2014-02-28 / Columns

Cooking on Purpose

Centuries of casseroles can’t be wrong
By Connie Wendell
Special contributor

Casseroles, a one-dish meal, have been around for centuries; some of the earliest were prepared by the Aztecs in the 1600s. They are still around today because they are so easy to make and serve. They not only taste delicious, but are chock full of nutritious ingredients.

I’ve included a couple of casserole recipes; give them a try. I’m sure you’ll find them quite tasty.

Garlic cashew chicken casserole

Nonstick cooking spray; 1 cup reduced sodium chicken broth; ¼ cup hoisin sauce; 2 tablespoons grated fresh ginger; 4 teaspoons cornstarch; ½ teaspoon crushed red pepper; ¼ teaspoon ground black pepper; 1 pound skinless, boneless chicken breast halves, cut into 1-inch strips; 2 cups sliced bok choy; 2 medium onions, cut into thin wedges; 1 cup sliced celery (2 stalks); 1 cup sliced carrots (2 medium); ¾ cup chopped green sweet pepper (1 medium); 6 cloves garlic, minced; 2 cups cooked brown rice; 1 cup chow mein noodles, coarsely broken; ½ cup cashews; and ¼ cup thinly sliced scallions.

Preheat oven to 400 degrees. Lightly coat a 2-quart rectangular baking dish with cooking spray and set aside.

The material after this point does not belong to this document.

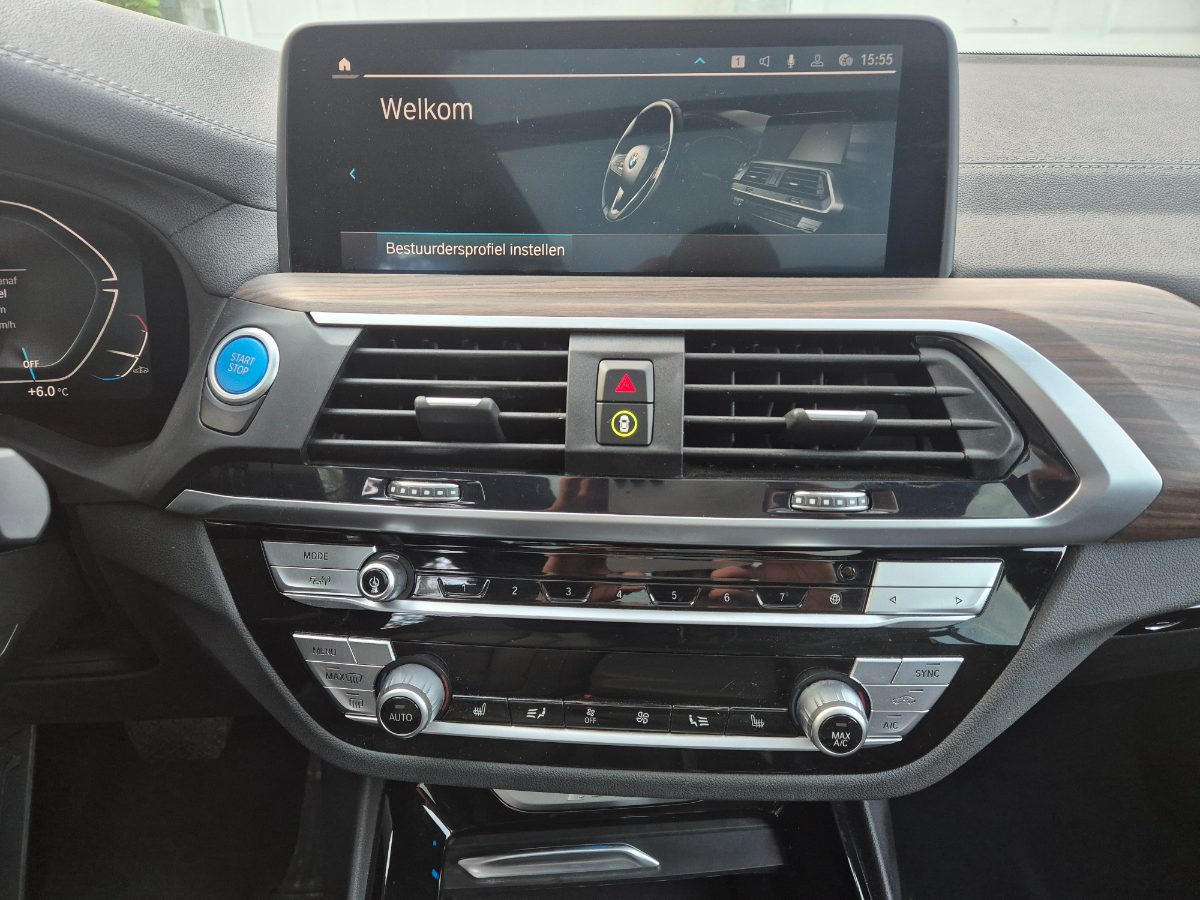 BMW iX3 — 2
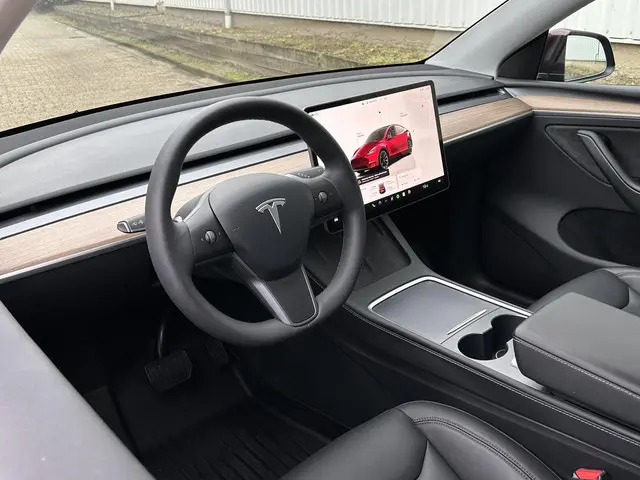 Tesla Model Y Long Range AWD 75 kWh 2023 Elektrisch 36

For sauce: In a medium bowl combine broth, hoisin sauce, ginger, cornstarch, crushed red pepper and black pepper and set aside.

Lightly coat an extra-large skillet with cooking spray; heat skillet over medium-high heat. Add chicken and cook until lightly browned, turning once. Remove from skillet. Add bok choy, onion wedges, celery, carrots and sweet pepper to skillet. Cook for 3 to 4 minutes or until vegetables start to soften, stirring occasionally.

Add garlic; cook and stir about 3 minutes or until sauce is thickened and bubbly. Stir in chicken and cooked rice.

Transfer chicken mixture to the prepared baking dish. Bake, covered, about 20 minutes or until chicken is no longer pink (165°F.) and edges are bubbly. Sprinkle with chow mein noodles and cashews.

Bake, uncovered, for 4 to 5 minutes more or until noodles and cashews are golden. Sprinkle with scallions.

Mexicali hamburger casserole

1 ½ pounds lean ground beef; 1 (15 ounce) can Mexican-style diced tomatoes; 1 ½ cups frozen whole kernel corn, thawed; ½ teaspoon finely shredded Mexican cheese blend, divided; ½ cup all-purpose flour; ½ cup cornmeal; 1 tablespoon sugar; 1 ½ teaspoons baking powder; ½ teaspoon salt;1 egg beaten; 2/3 cup milk; 2 tablespoons cooking oil; and 1 recipe fresh tomato toss (below).

Preheat oven to 350 degrees. In 12-inch skillet cook and brown beef; drain off fat.

Stir in undrained tomatoes and 1 cup of the corn; heat through. Transfer to greased 2-quart baking dish. Sprinkle with ½ cup of the cheese.

For corn bread topping, in medium bowl combine flour, cornmeal, sugar, baking powder and ½ teaspoon salt. Stir in egg, milk and oil.

Evenly spread on beef mixture. Sprinkle remaining 2 tablespoons cheese. Bake uncovered, 30 minutes or until topping is set. Let stand five minutes.

Fresh tomato toss

1 cup grape tomatoes, halved; ¼ cup coarsely chopped cilantro; ½ cup of the remaining frozen whole kernel corn; and 1/3 cup green olives, halved.

In a bowl stir together tomatoes, cilantro, remaining corn and green olives. Spoon over each serving.